While the draft Agreement recognises the need to establish consistent measures for conservation of straddling and highly migratory stocks whether they are fished inside or outside the EEZs of the States, the legal requirement to apply these measures strictly inside the EEZs is missing. This can indeed be counterproductive in the long run considering that straddling and highly migratory fish stocks in the high seas account for only 10 to 20 per cent of the world's fisheries output.
The draft agreement also does not make any mention of safety and working conditions on board fishing vessels, and attempts to include provisions in this regard under the flag State responsibility were turned down by the Chair on the ground that these are precincts of the International Labour Organization (ILO) and the International Maritime Organization (IMO).
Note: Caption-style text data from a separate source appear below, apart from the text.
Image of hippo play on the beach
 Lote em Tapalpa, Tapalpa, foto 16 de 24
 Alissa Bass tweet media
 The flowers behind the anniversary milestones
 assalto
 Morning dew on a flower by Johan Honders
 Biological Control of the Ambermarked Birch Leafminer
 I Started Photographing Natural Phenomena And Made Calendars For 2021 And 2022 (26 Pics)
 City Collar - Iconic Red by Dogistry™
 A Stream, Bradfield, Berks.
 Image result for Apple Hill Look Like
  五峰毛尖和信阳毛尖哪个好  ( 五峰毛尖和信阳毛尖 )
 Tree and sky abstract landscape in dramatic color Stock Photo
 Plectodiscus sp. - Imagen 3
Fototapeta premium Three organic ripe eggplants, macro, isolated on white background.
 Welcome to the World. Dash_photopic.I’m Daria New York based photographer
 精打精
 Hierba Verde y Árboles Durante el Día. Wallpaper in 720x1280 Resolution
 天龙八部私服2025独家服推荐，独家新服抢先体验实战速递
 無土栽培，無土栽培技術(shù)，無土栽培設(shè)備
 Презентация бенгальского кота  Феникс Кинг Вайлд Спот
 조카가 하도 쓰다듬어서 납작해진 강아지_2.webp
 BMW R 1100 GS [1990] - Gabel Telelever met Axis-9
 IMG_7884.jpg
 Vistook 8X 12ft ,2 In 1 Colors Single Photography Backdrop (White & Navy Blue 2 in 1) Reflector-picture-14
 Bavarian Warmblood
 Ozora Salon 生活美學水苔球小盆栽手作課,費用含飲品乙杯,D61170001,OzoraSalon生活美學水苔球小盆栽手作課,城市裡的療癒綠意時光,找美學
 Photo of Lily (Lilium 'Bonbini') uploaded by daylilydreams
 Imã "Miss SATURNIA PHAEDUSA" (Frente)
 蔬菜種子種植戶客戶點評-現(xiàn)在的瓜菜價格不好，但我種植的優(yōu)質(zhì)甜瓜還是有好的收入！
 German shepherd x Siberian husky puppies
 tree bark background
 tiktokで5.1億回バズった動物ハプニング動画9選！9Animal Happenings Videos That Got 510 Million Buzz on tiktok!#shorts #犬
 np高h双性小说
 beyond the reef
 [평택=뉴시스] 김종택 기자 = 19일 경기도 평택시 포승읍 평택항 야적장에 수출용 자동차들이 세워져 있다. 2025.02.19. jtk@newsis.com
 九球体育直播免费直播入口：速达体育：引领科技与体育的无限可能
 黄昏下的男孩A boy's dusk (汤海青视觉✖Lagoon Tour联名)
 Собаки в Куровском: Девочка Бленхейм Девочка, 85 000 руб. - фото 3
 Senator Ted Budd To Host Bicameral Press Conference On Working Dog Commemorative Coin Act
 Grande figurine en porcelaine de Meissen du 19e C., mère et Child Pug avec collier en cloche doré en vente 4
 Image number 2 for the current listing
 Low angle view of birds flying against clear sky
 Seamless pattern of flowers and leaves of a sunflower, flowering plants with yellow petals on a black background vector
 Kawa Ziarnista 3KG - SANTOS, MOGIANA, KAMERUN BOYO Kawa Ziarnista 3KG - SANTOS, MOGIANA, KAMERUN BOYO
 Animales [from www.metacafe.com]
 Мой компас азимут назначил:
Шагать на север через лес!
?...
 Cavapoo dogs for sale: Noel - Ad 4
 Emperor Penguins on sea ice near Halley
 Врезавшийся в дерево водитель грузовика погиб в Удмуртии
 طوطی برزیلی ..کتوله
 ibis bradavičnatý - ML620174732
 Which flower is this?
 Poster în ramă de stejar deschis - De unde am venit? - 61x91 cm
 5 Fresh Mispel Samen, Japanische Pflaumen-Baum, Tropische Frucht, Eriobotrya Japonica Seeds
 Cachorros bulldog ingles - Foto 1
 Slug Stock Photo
Legitimisation of regulatory regimes by all stakeholders is important for the efficacy of law. Making, or reiterating, provisions to protect workers' rights would greatly enable legitimacy of the regulatory framework from fishworkers, and they are indeed a major stakeholder in any fishery around the world.
Had the provisions in the draft Agreement been incorporated in UNCLOS in 1982, it may have averted in a big way the critical situation facing world fisheries today. There is thus an overall sense of urgency in the air. The fisheries ministers from around the world issued a ministerial declaration in March 1995 called the "Rome Consensus on World Fisheries" and an intergovernmental Code of Conduct for Responsible Fisheries is being drafted by the FAO. Against this background, though still deficient and too little too late, the draft Agreement is a small step in the right direction. It is however, still too early to be complacent about even this small achievement. There is the serious risk that the text may be substantially watered down at the final session of the Conference in July 95. The fact also remains that ratification of the treaty by a sufficient number of states (40 ratifications are needed) may well take us to the dawn of the next century.